Sonia Lagier admire les maîtres classiques et emprunte à la peinture moderne. Sa série Carne ravive l’extrême contemporanéité des carcasses bovines sublimées par le dessin de Rembrandt et la palette de Chaïm Soutine. Lors d’un voyage en Argentine, l’artiste photographie l’activité quotidienne des abattoirs du pays. De retour à Paris et débarrassée du filtre de l’objectif, elle exhibe une chair à vif, peinte dans l’intensité du moment. N’est-ce pas là un écorché de ses propres désirs, de ses envies et de ses peurs dans toute leur corporalité ? Pour Lagorda, elle pose sur la toile des corps de femmes dénudées dont les lignes corporelles oscillent entre un dessin rigoureux et une sensualité proche de l’expression d’un corps dansant. Dans ses travaux en série, la première toile est toujours la plus figurative. Le modèle est capté dans le moment, dans ce que l’instant a de plus vivant. Peu à peu, le trait s’efface et glisse vers l’abstraction la plus complète. Le pinceau déconstruit le réel et incite l’esprit à dépasser l’apparence figurative pour se concentrer sur les formes intensément colorées et défragmentées. Confronté à l’intensité des couleurs, le spectateur s’interroge simultanément sur son existence, ses pulsions, la sensualité de sa propre chair. Ses préoccupations, à la fois narcissiques et conjuratoires aboutissent à une seule et même question : d’où me vient ce désir ardent ?

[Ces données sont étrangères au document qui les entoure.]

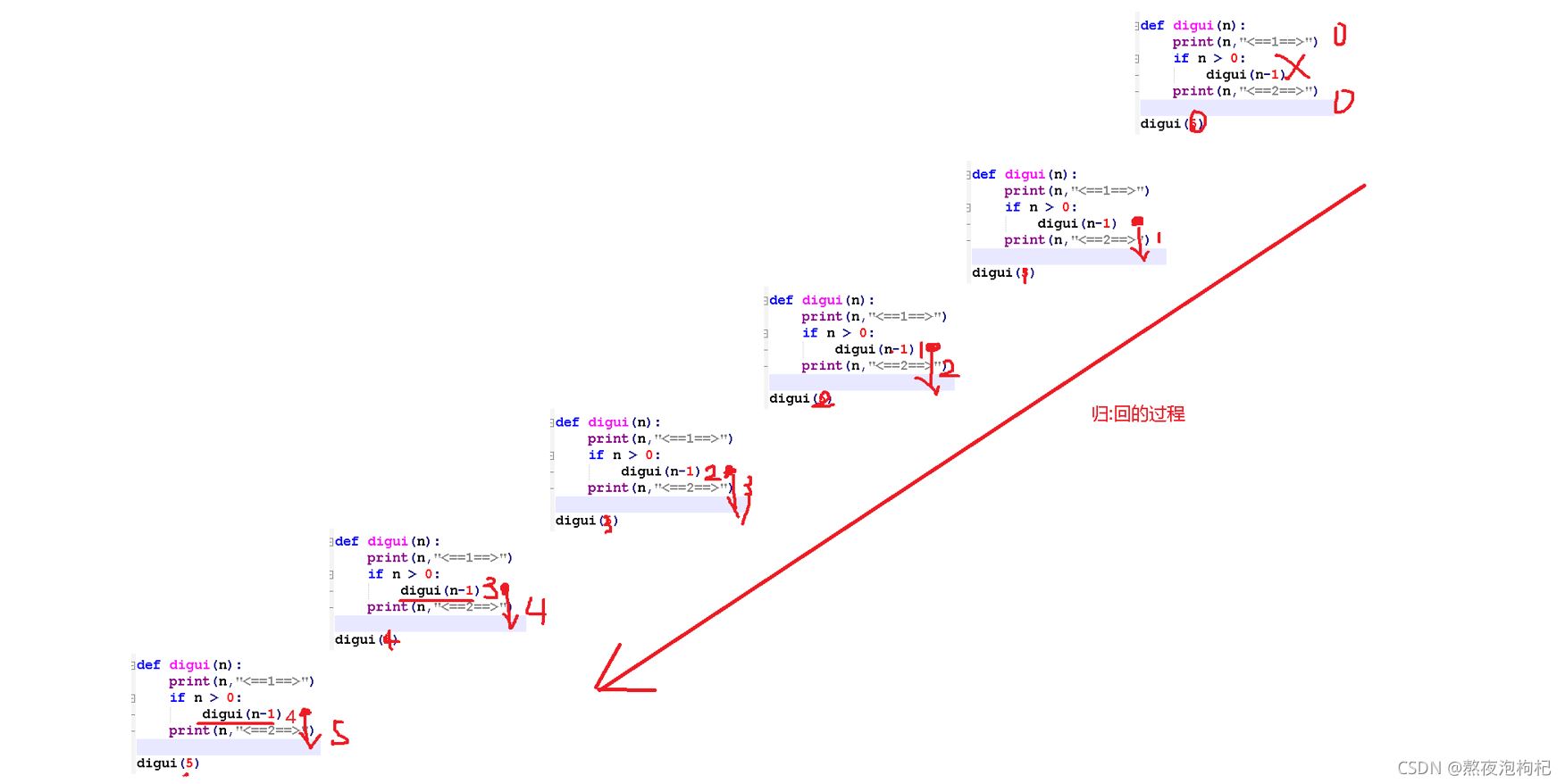 Python全棧之遞歸函數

Catalogue d’exposition, texte de Sandrine Pugliesi, Galerie de l’Europe, 2010

Sonia a grandi entre la France et l’Argentine.

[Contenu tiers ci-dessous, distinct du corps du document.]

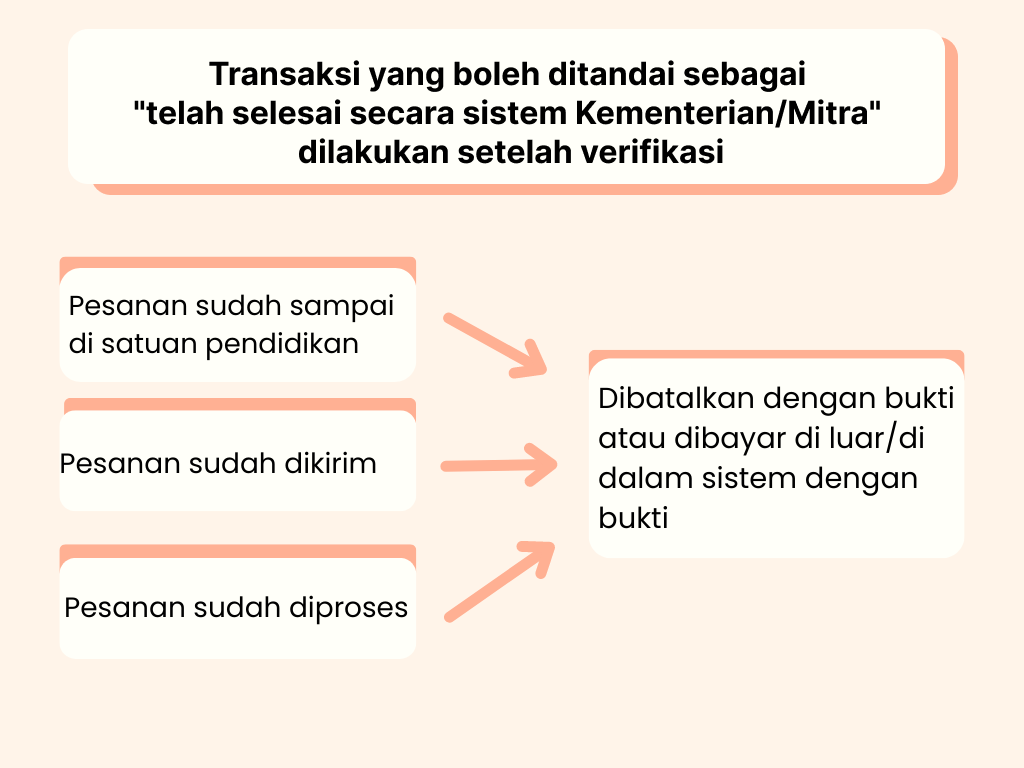 Transaksi_Selesai__1_.png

Pour autant, elle ne quitte pas ce pays d’origine, ni la peinture, ni les pinceaux.
C’est à travers ses toiles que nous revient l’intention du cadrage.
Le hors-norme imprime-t-il davantage la mémoire ?
Comment l’œil se laisse-t-il impressionner par le gros et le gras ?
L’épaisseur de la chair des « Gordas » révèle-t-elle l’importance qu’elle représente à notre esprit ?
Existe-t-il un rapport entre la place que l’on occupe physiquement et ce qui nous occupe mentalement ?
Quoi qu’il en soit et pour rappel, l’Argentine représente quelque 2 780 000 km²… cinq fois la France!